◆ WHAT THE EXERCISE ASKS:
With the images set aside, retype every record below character for character.

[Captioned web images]
====

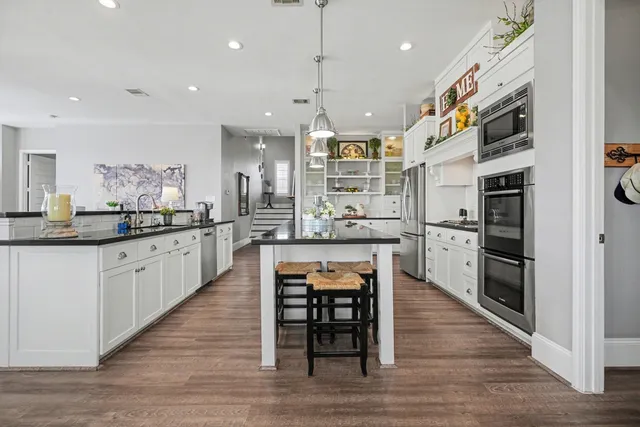 $730,000 | 4118 Landon Lane, Baytown, TX 77523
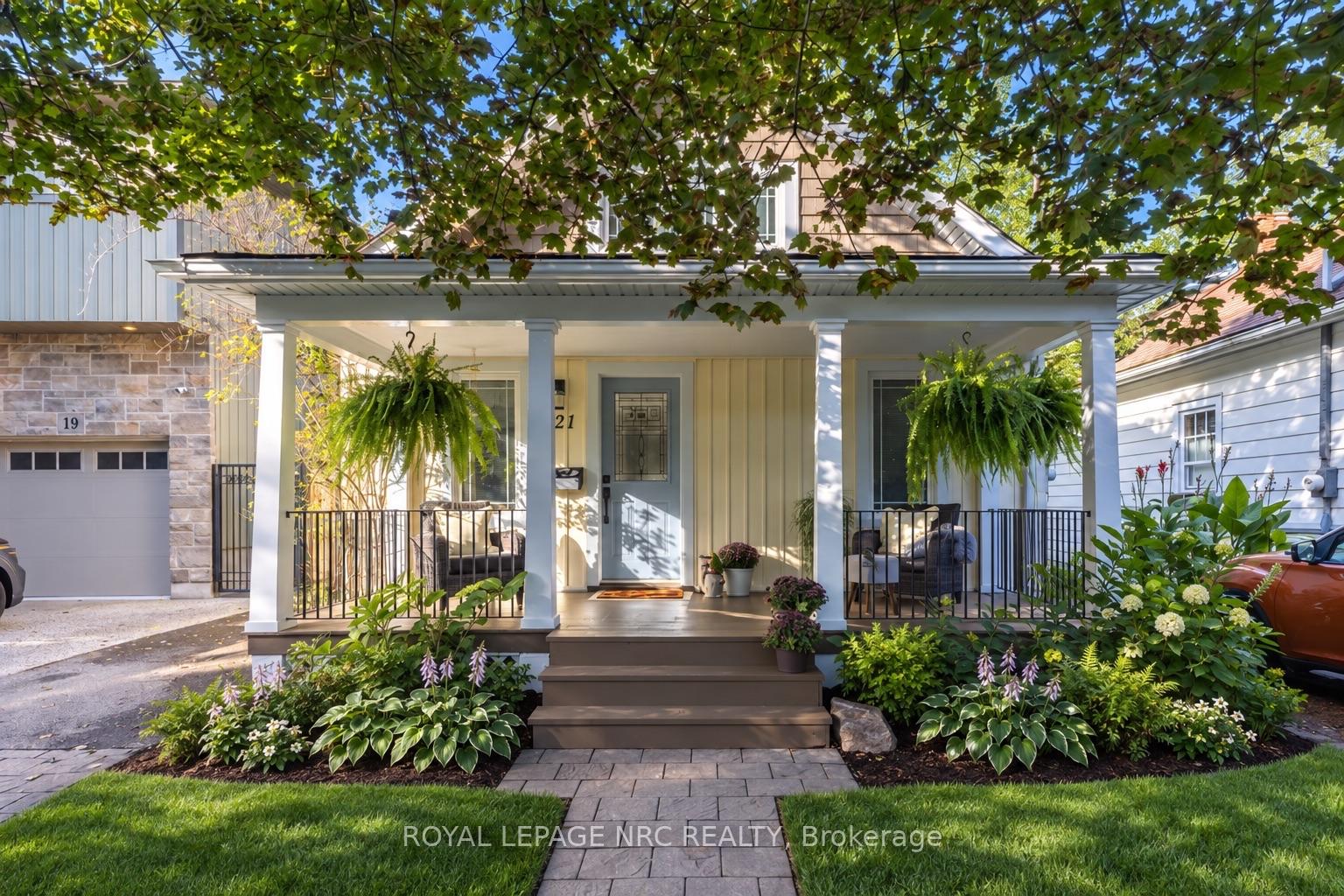 Photo 4 of 21 Johnston Street, St. Catharines, Port Dalhousie — HOMEH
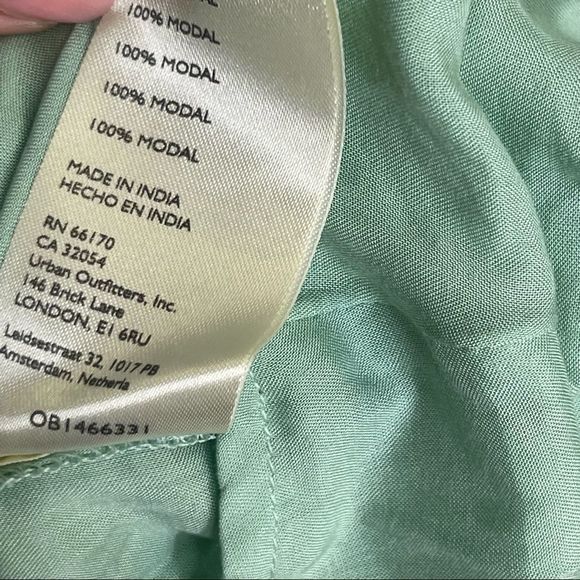 Free People Elora Mini Dress Mermaids Tail Puff Sleeve Lace Boho Peasant Size XS - Picture 16 of 16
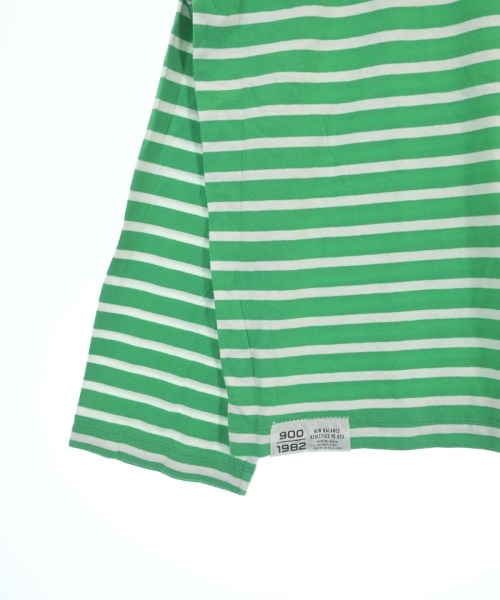 New Balance เสื้อยืด/เสื้อท็อปส์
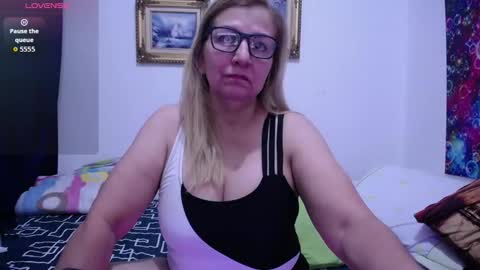 Snapshot of sara211 chatting on October 11, 2025, 3:21 pm sara online show from October 11, 2025, 3:21 pm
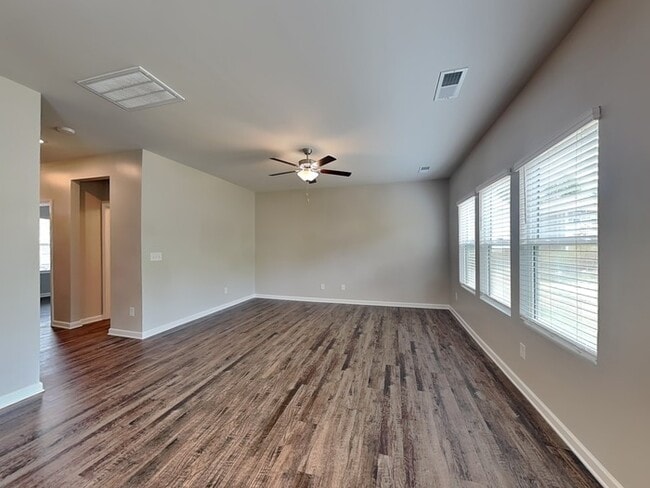 Foto del edificio - 5705 Camp Ct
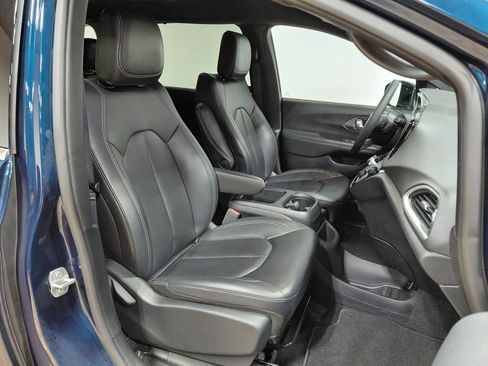 Used 2025 Chrysler Pacifica Select image 23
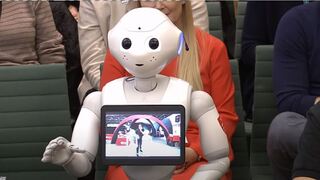 הרובוט Pepper בפרלמנט הבריטי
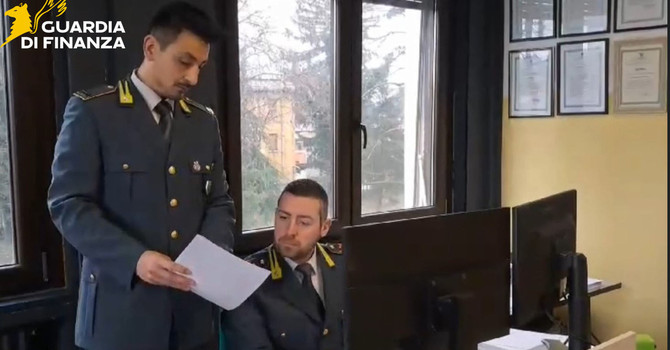Reddito di cittadinanza e assegno di inclusione, otto "furbetti" scoperti dalla Guardia di Finanza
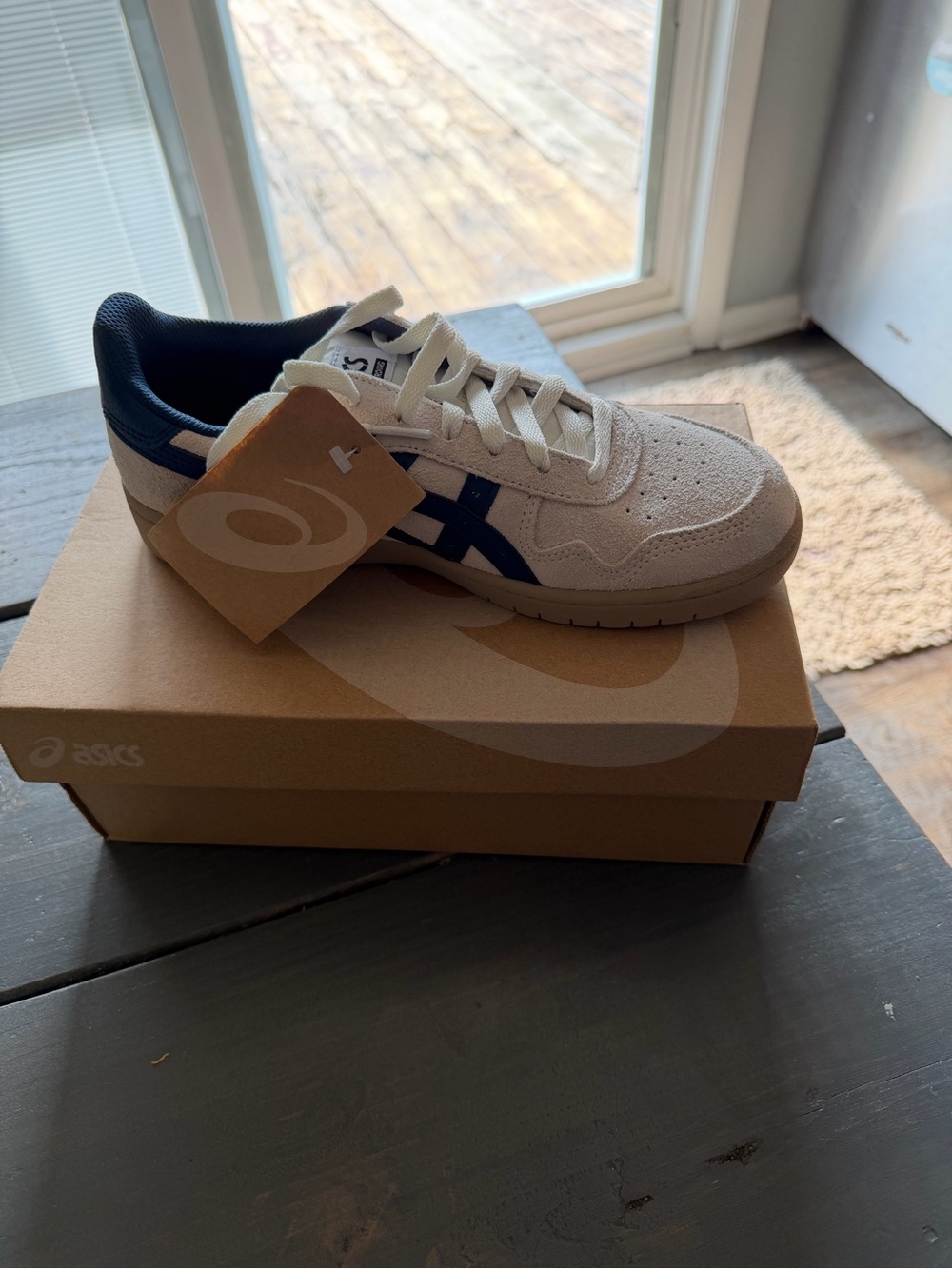 ASICS Japan Pro Sneakers in Cream and Independence Blue
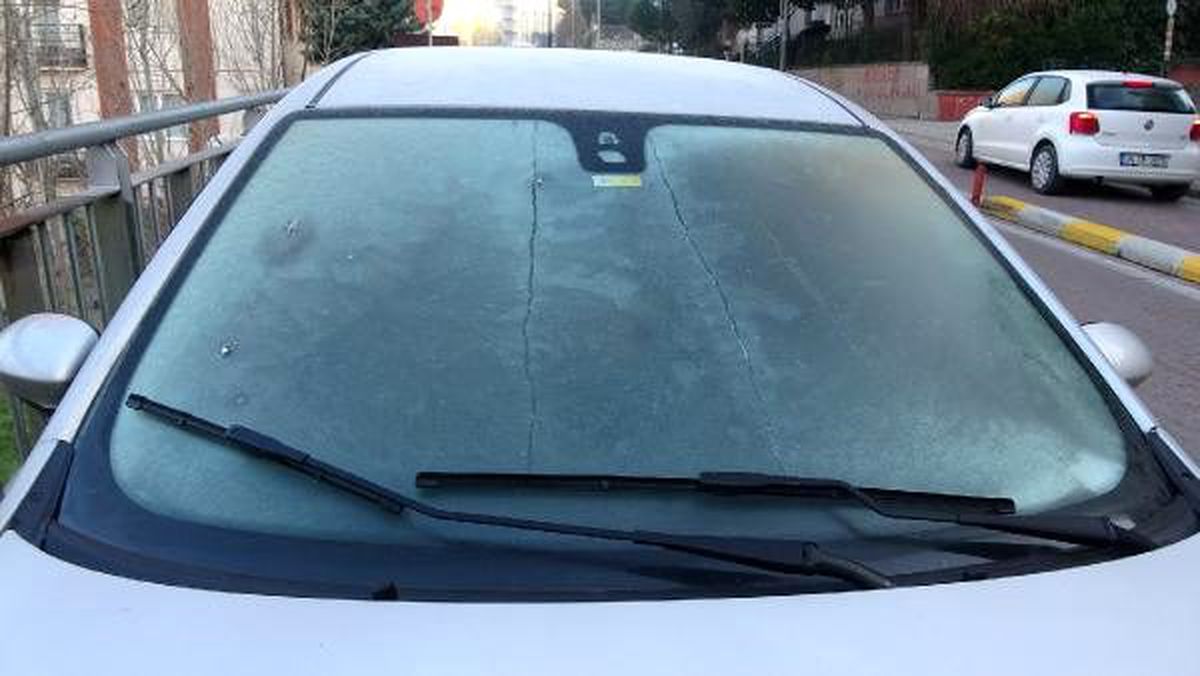 İstanbul\'da sürücülerin buzla mücadelesi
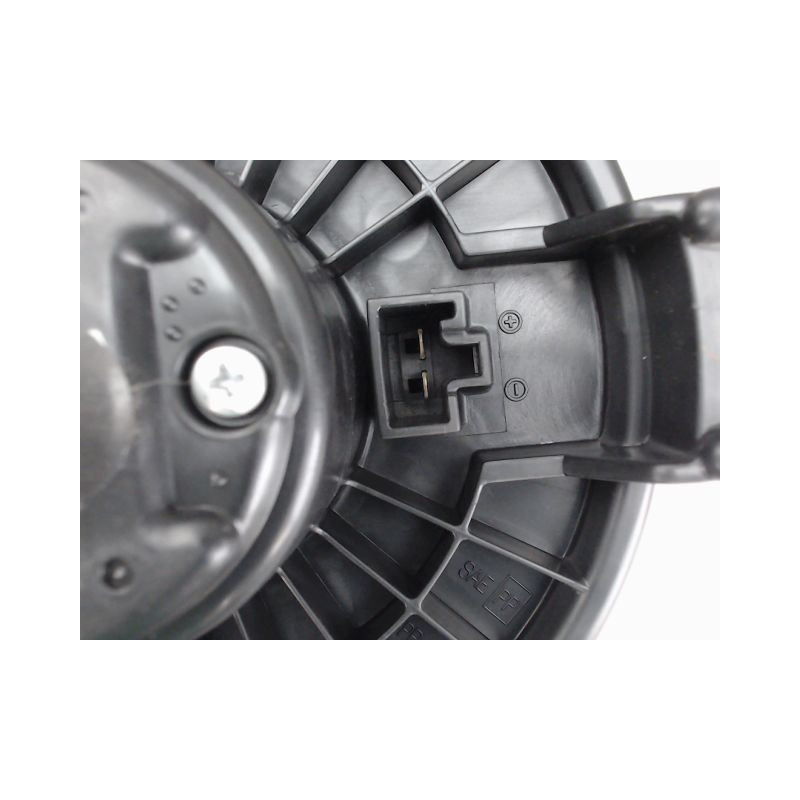 MOTEUR VENTILATEUR CHAUFFAGE TOYOTA YARIS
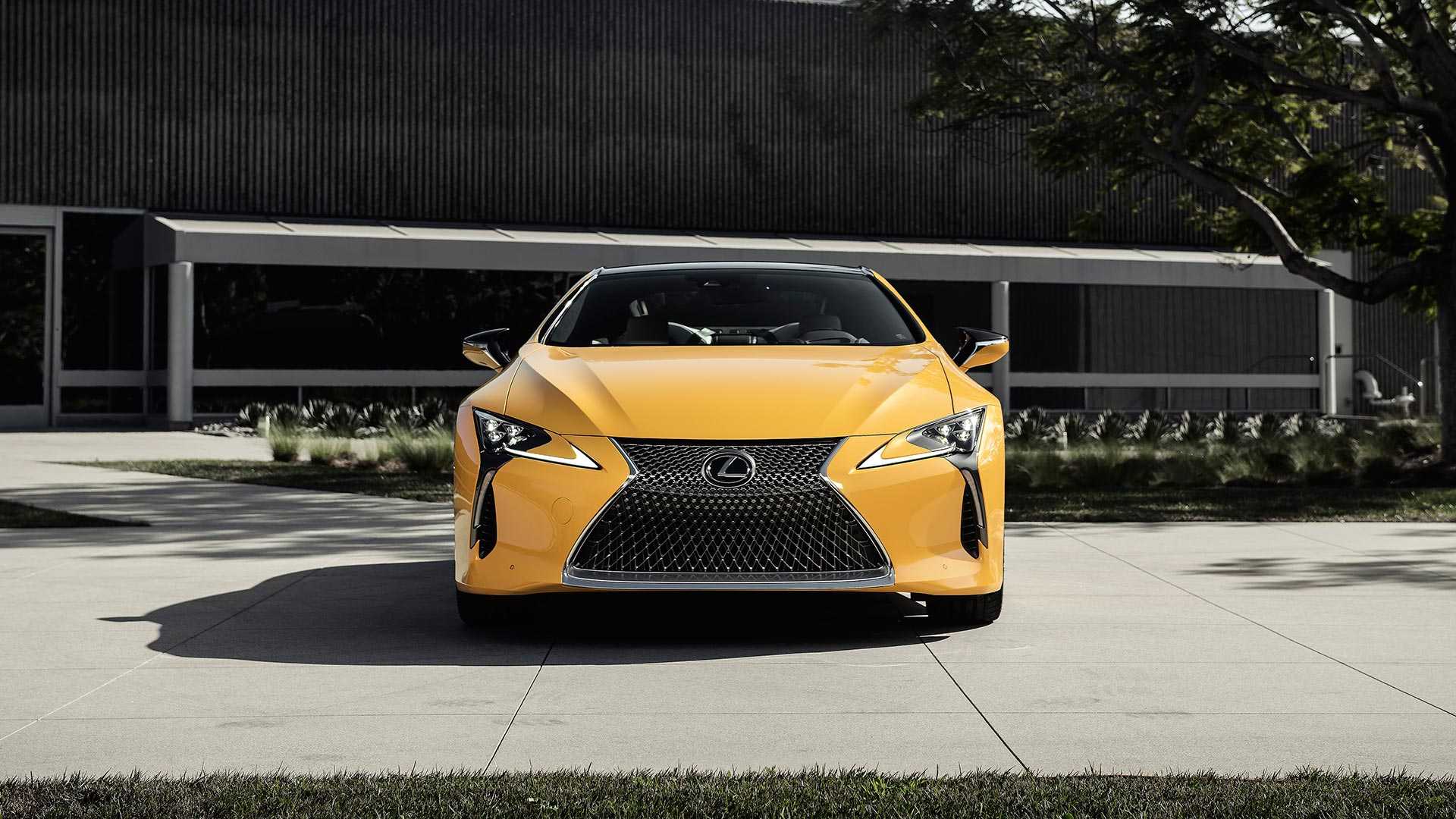 Về tổng thể, Lexus LC 500 Inspiration Series được trang bị thêm 1 số chi tiết carbon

====

◆ WRITTEN ANSWER:
 $730,000 | 4118 Landon Lane, Baytown, TX 77523
 Photo 4 of 21 Johnston Street, St. Catharines, Port Dalhousie — HOMEH
 Free People Elora Mini Dress Mermaids Tail Puff Sleeve Lace Boho Peasant Size XS - Picture 16 of 16
 New Balance เสื้อยืด/เสื้อท็อปส์
 Snapshot of sara211 chatting on October 11, 2025, 3:21 pm sara online show from October 11, 2025, 3:21 pm
 Foto del edificio - 5705 Camp Ct
 Used 2025 Chrysler Pacifica Select image 23
 הרובוט Pepper בפרלמנט הבריטי
Reddito di cittadinanza e assegno di inclusione, otto "furbetti" scoperti dalla Guardia di Finanza
 ASICS Japan Pro Sneakers in Cream and Independence Blue
 İstanbul\'da sürücülerin buzla mücadelesi
 MOTEUR VENTILATEUR CHAUFFAGE TOYOTA YARIS
 Về tổng thể, Lexus LC 500 Inspiration Series được trang bị thêm 1 số chi tiết carbon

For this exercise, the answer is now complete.